:: DATA BELOW ::
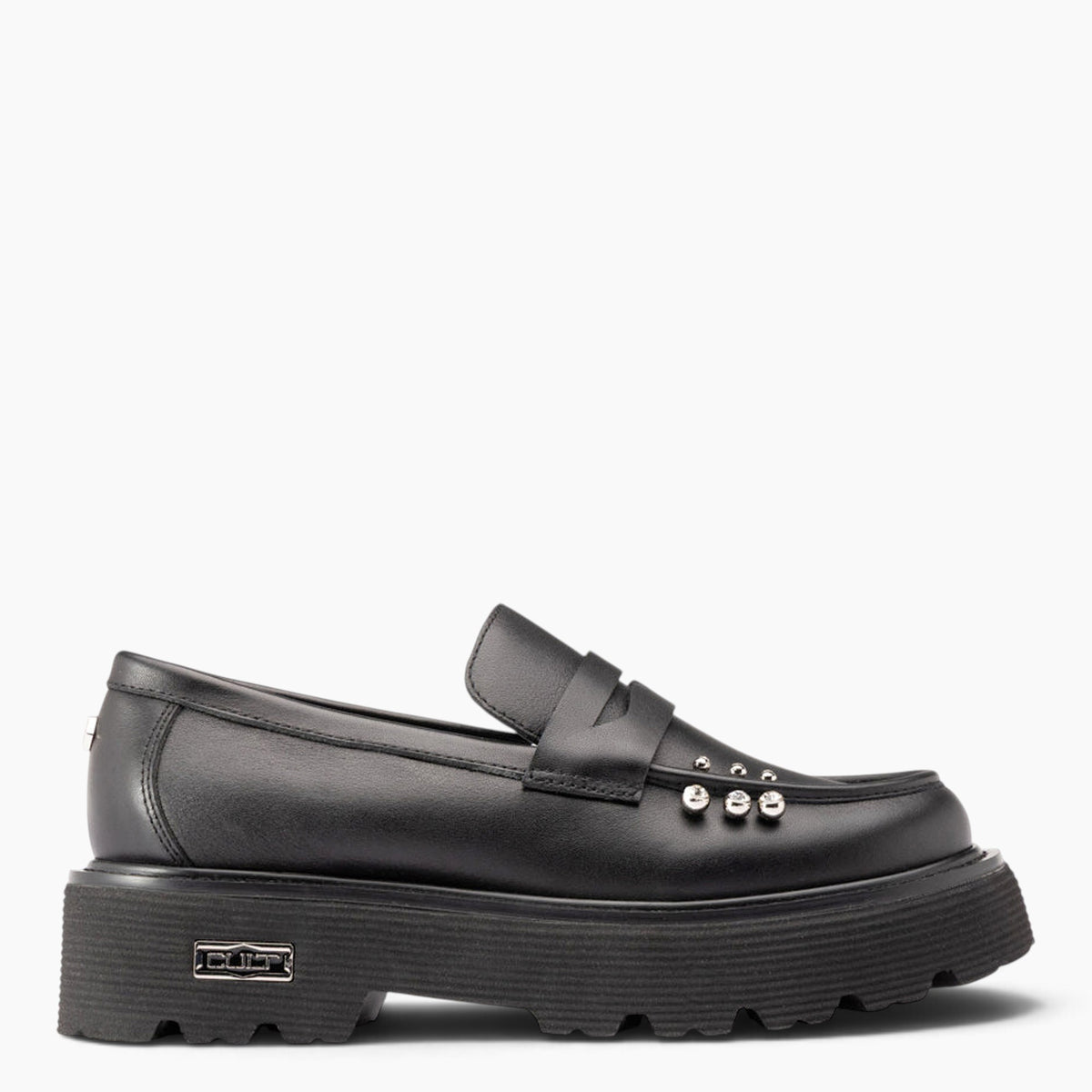 Women's Loafers Slash 4818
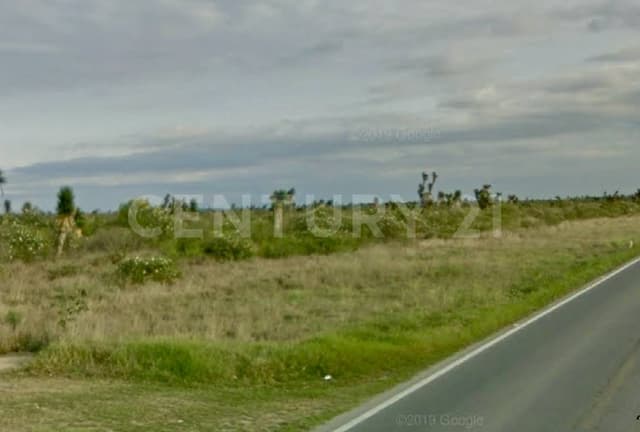 Terreno en Renta en Salinas Victoria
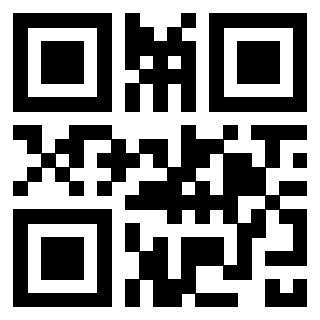 3305497092 Qr Code associato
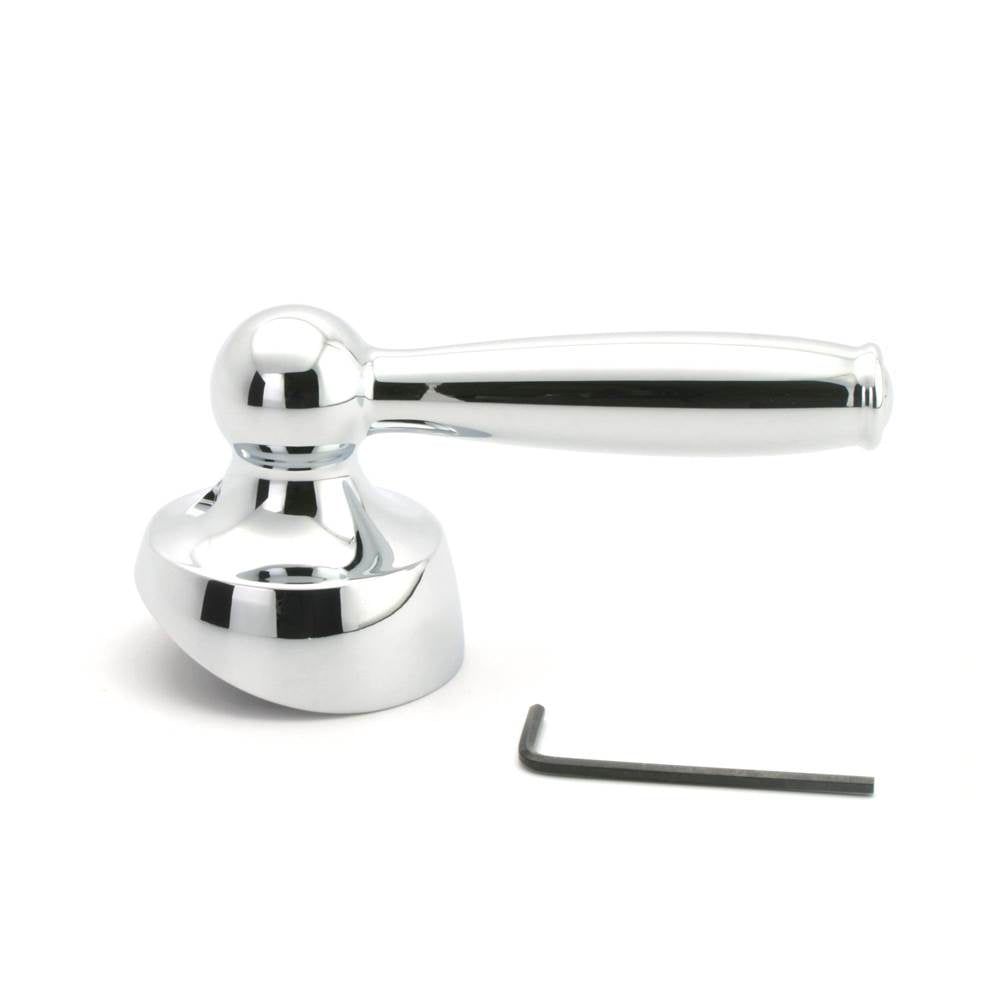 Moen - HANDLE KIT KD PULLDOWN CHR - Chrome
:::
**TASK DESCRIPTION:**
Because the copy must hold no pictures, return only the lines that run from the line containing "3305497092 Qr Code associato" to the end of the data above, each exactly as it stands.

**COMPLETED EXERCISE:**
 3305497092 Qr Code associato
 Moen - HANDLE KIT KD PULLDOWN CHR - Chrome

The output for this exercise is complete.